*** Block opens ***

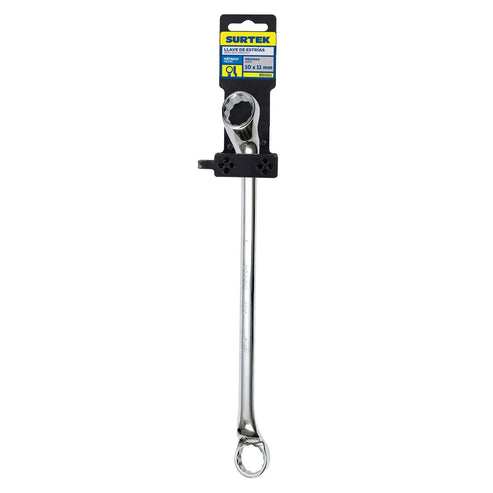 Llave De Estrías Pulido Espejo De 45° Métrica, 12 Puntas, Surtek 851011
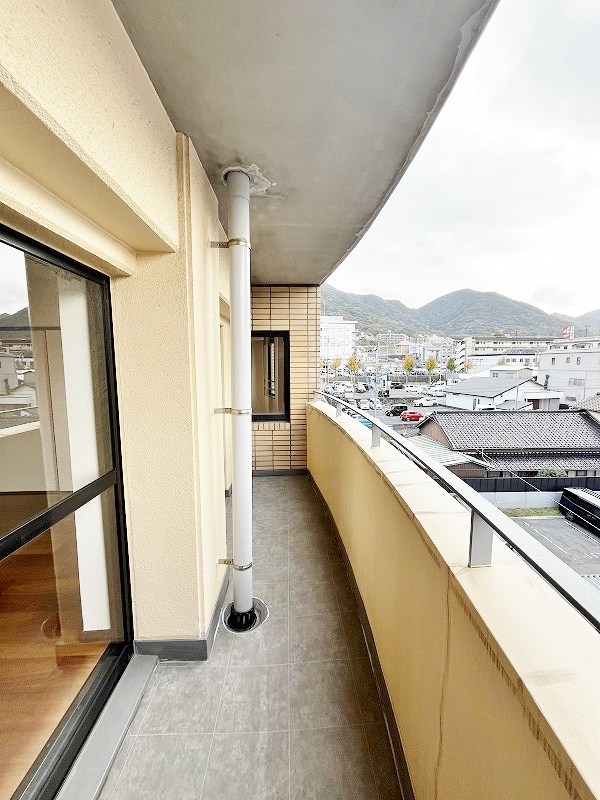 高田ツイン ベランダ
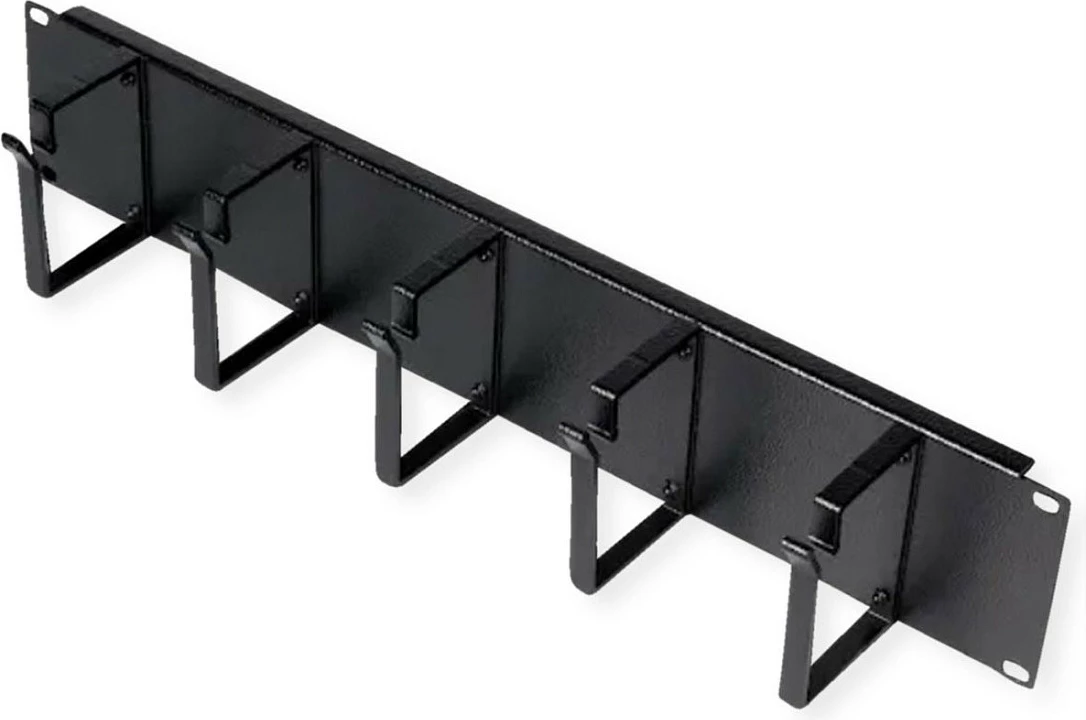 Panel menaxhimi kabllosh ROLINE 19", 2U, çelik, i zi
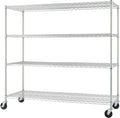 Trinity Basics 4-Tier Adjustable Wire Shelving by TRINITY
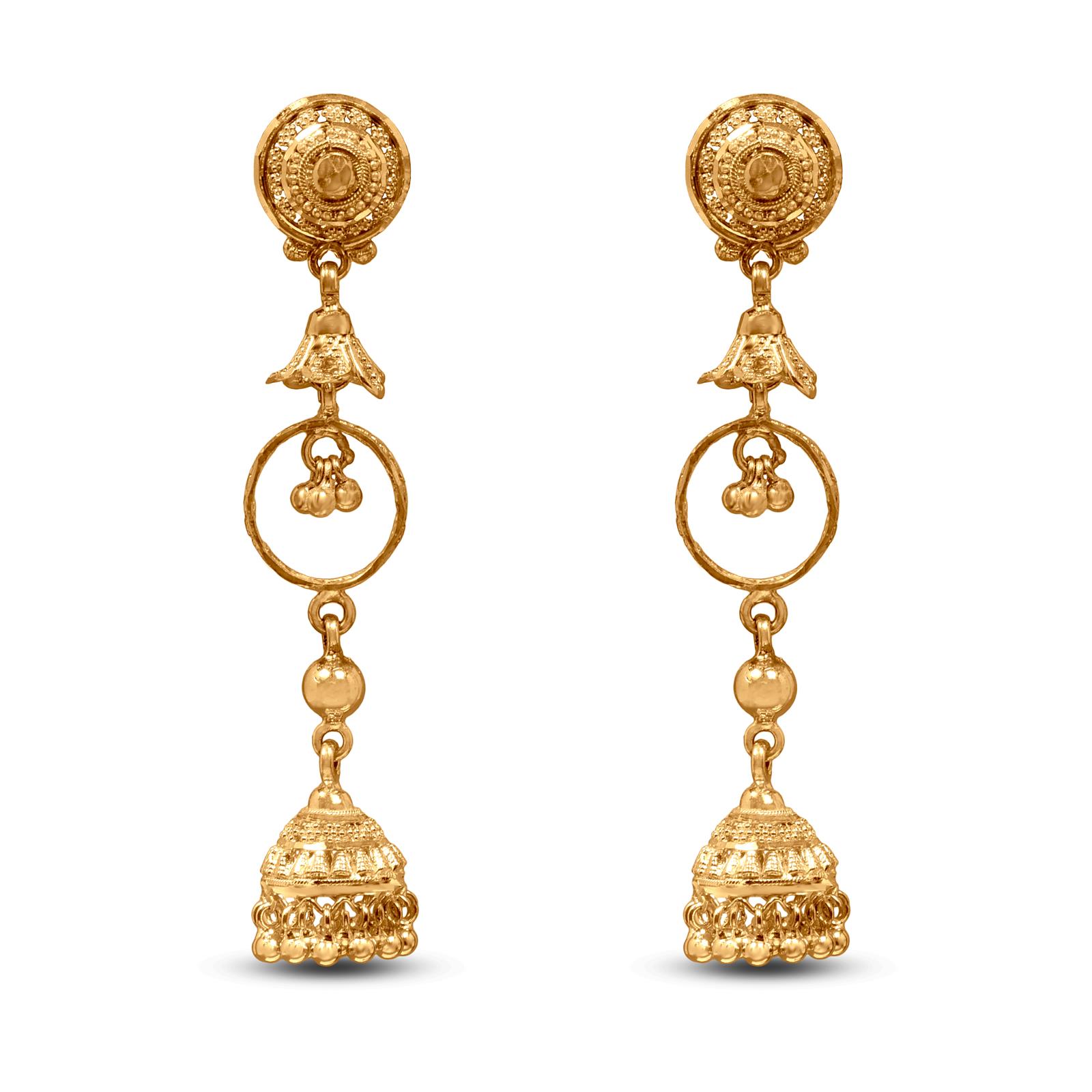 Elegant off White Pearl and Stone Designer Gold Plated Turquoise Drop  Jhumka Earring - Styylo Fashion - 3797172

*** Block closes ***

Action item: Please print everything in the material exactly, apart from the pictures.

Exercise response:
 Llave De Estrías Pulido Espejo De 45° Métrica, 12 Puntas, Surtek 851011
 高田ツイン ベランダ
 Panel menaxhimi kabllosh ROLINE 19", 2U, çelik, i zi
 Trinity Basics 4-Tier Adjustable Wire Shelving by TRINITY
 Elegant off White Pearl and Stone Designer Gold Plated Turquoise Drop  Jhumka Earring - Styylo Fashion - 3797172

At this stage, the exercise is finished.